PROVIDED INFORMATION –

============

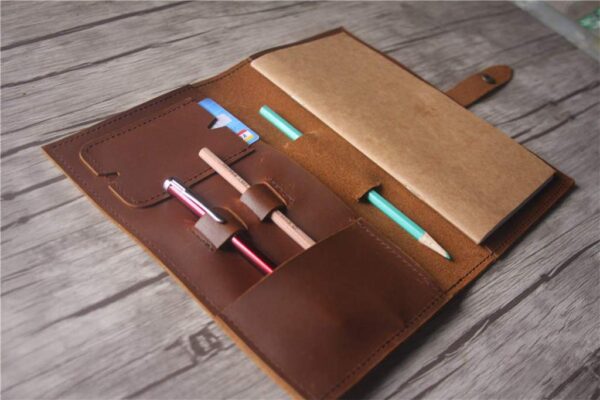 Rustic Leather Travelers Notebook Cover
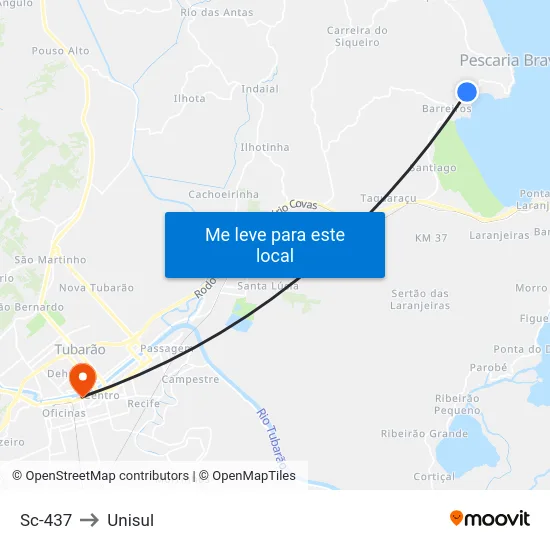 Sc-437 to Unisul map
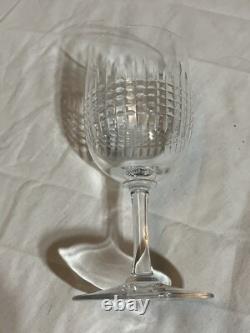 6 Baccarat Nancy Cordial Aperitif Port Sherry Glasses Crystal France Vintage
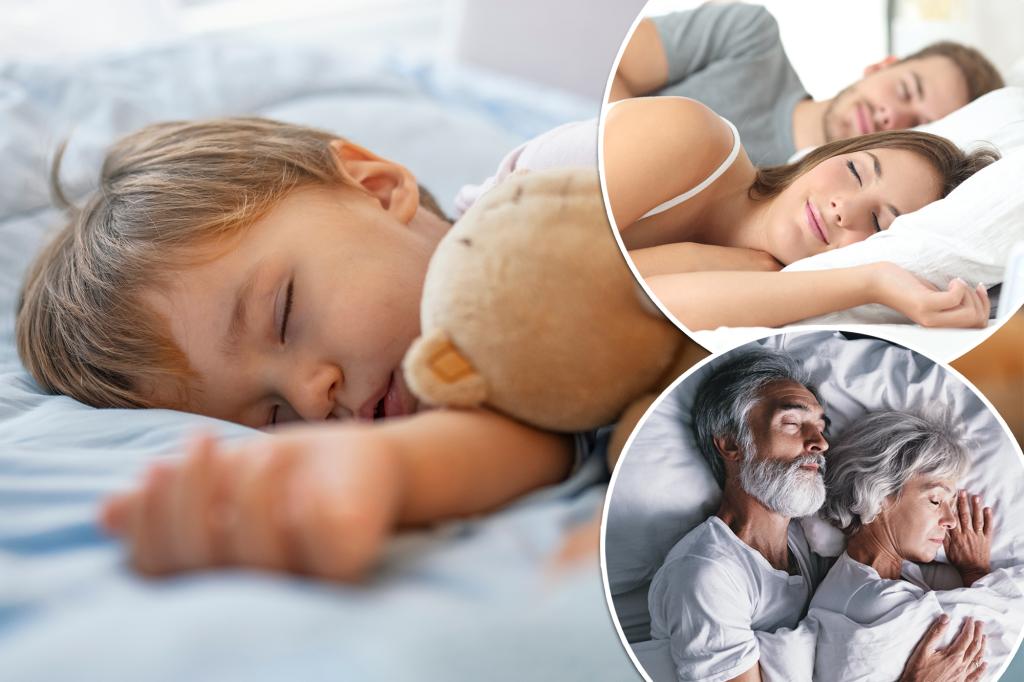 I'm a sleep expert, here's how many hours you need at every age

============

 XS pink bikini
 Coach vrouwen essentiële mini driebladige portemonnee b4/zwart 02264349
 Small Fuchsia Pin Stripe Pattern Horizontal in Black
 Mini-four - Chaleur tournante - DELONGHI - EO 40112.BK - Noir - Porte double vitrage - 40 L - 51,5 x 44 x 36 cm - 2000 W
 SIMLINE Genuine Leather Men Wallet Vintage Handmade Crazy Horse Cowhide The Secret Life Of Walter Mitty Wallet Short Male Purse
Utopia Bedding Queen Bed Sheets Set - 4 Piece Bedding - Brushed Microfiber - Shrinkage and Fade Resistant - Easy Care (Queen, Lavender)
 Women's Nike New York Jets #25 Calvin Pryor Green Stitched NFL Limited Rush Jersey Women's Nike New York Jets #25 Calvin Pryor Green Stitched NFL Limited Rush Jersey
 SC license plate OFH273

============

PROBLEM DESCRIPTION – Look through the listing above for the line with "Rustic Leather Travelers Notebook Cover" and the line with "I'm a sleep". Write out exactly those lines and everything between, leaving out pictures.

ANSWER BELOW –
 Rustic Leather Travelers Notebook Cover
 Sc-437 to Unisul map
 6 Baccarat Nancy Cordial Aperitif Port Sherry Glasses Crystal France Vintage
 I'm a sleep expert, here's how many hours you need at every age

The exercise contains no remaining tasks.